Antenoche, los trabajadores se fueron convencidos de que ayer sería un día más. “Antes de retirarnos hasta preguntamos si hoy (por ayer), con motivo del feriado, se trabajaría normal, y nos dijeron que sí. Mirá con qué nos encontramos”, dijo un cocinero.
Instalados en la vereda con mate y bombos, y tras pegar carteles de repudio, se encontraban ayer todos los empleados.
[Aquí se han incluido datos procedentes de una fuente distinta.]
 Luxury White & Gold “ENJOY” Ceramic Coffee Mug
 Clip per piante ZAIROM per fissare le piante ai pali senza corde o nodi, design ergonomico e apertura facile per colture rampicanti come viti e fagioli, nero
Los ocho cadetes que la firma tenía en negro; los más nuevos, como el cocinero Mariano Moyano, con un año de antigüedad, y los más viejos en la empresa: Alberto Gómez -rotisero desde hace 38 años- y Pedro Espínola -cafetero y con 31 años en su haber-. Adujeron tener a su cargo más de “300 bocas para alimentar” y el último sueldo sin cobrar.
El verdulero José López se lamentaba junto a los empleados. “Al dueño de la verdulería para la que trabajo le dejaron una deuda importante, desde hace cinco meses todos los proveedores cobrábamos mal en el Rich”, aseguró. Y quienes no dejaron de dar su apoyo fueron los clientes. Un hombre que se identificó como Tito pasó por el frente junto a su esposa. “No lo puedo creer -dijo- hace 50 años que venía a este lugar”.